*INFORMATION SUPPLIED*
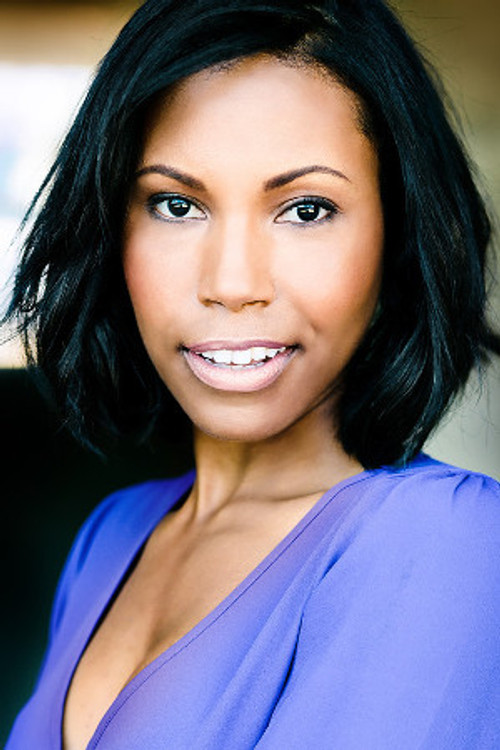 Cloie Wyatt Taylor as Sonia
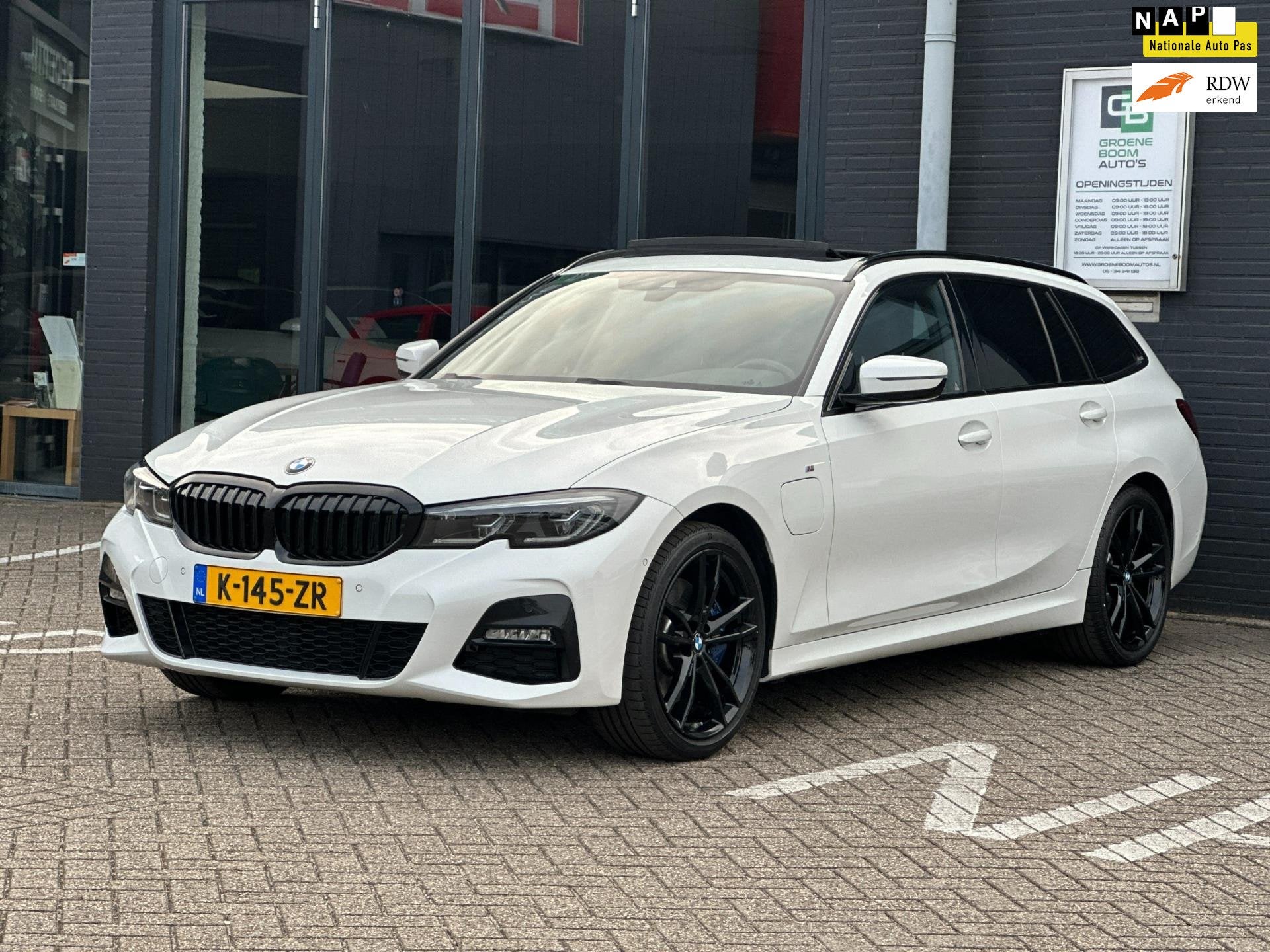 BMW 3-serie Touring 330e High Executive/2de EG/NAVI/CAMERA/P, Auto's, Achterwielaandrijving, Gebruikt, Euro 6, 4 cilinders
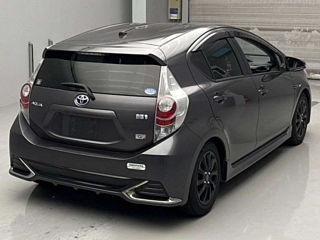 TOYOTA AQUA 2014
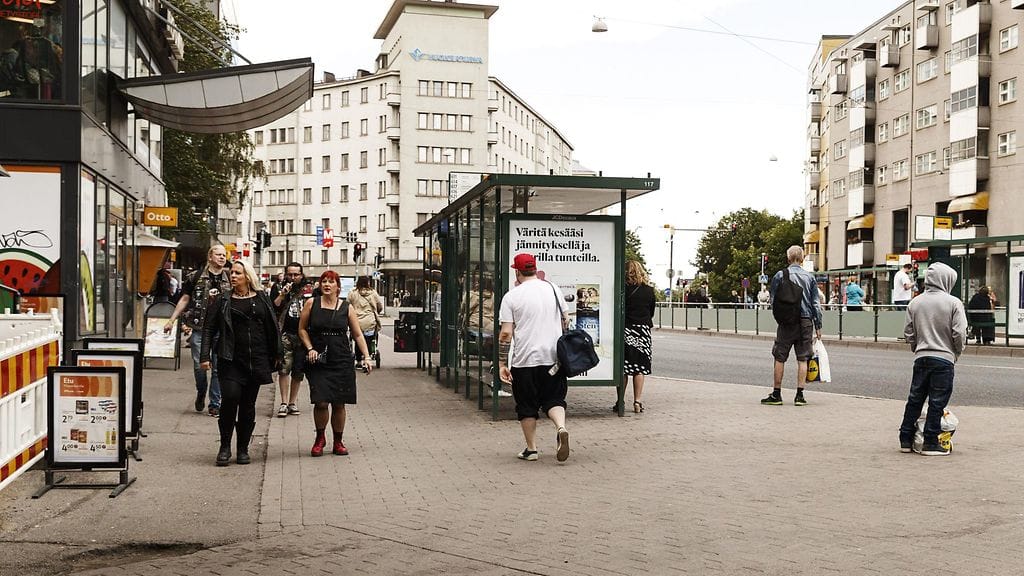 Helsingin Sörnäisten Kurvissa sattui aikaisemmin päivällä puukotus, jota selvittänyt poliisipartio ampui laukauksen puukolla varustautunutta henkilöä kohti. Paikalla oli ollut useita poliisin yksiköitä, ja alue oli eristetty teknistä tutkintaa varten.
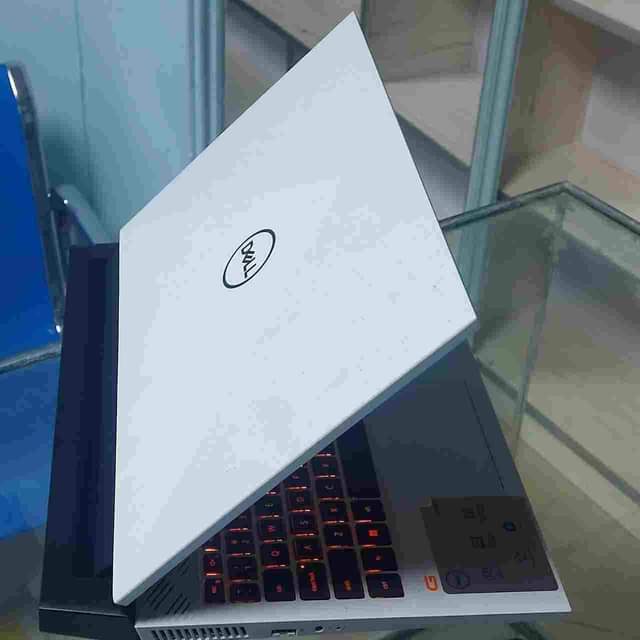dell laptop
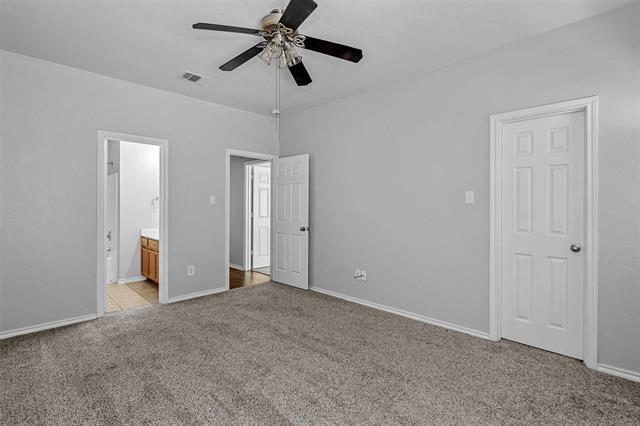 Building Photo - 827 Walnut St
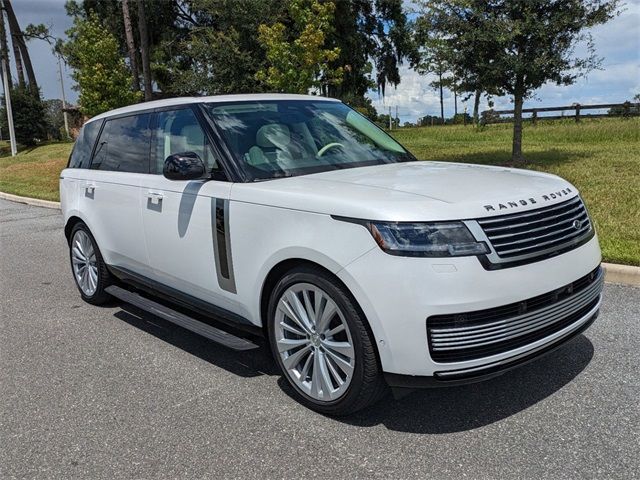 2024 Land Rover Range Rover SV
---
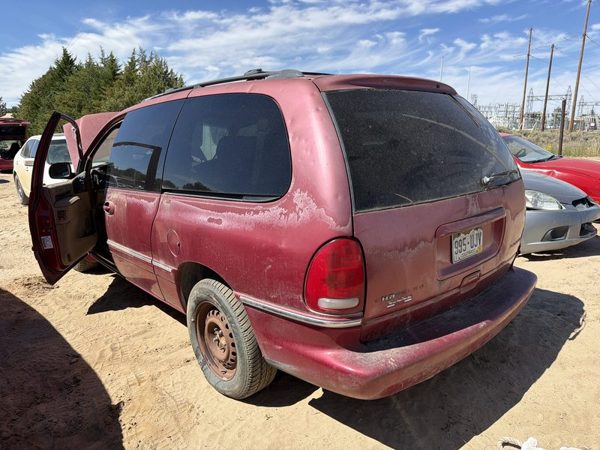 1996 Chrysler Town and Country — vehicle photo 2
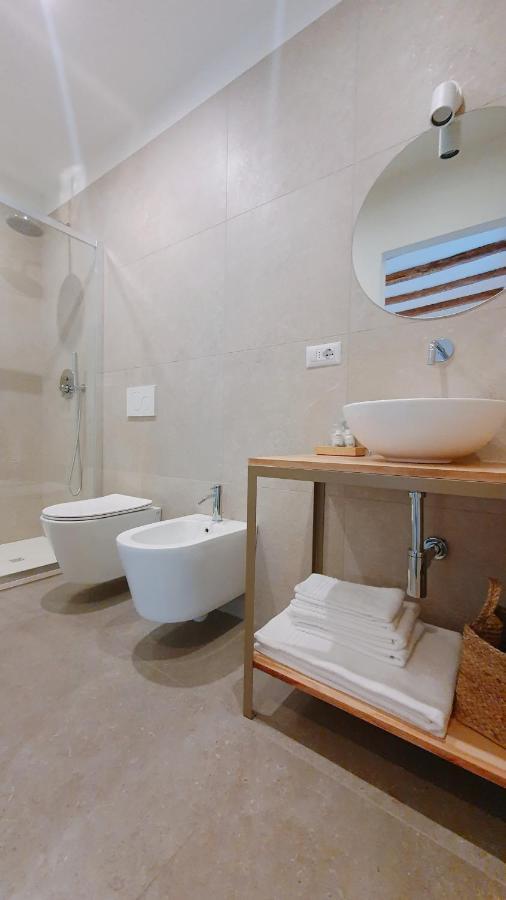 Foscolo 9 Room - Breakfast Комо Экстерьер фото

*WORK INSTRUCTION*
Pictures aside, print exactly the lines above starting with the one containing "Cloie Wyatt Taylor as Sonia" and going on through the one containing "2024 Land Rover Range Rover SV".

*RESPONSE TO THIS EXERCISE*
 Cloie Wyatt Taylor as Sonia
 BMW 3-serie Touring 330e High Executive/2de EG/NAVI/CAMERA/P, Auto's, Achterwielaandrijving, Gebruikt, Euro 6, 4 cilinders
 TOYOTA AQUA 2014
 Helsingin Sörnäisten Kurvissa sattui aikaisemmin päivällä puukotus, jota selvittänyt poliisipartio ampui laukauksen puukolla varustautunutta henkilöä kohti. Paikalla oli ollut useita poliisin yksiköitä, ja alue oli eristetty teknistä tutkintaa varten.
dell laptop
 Building Photo - 827 Walnut St
 2024 Land Rover Range Rover SV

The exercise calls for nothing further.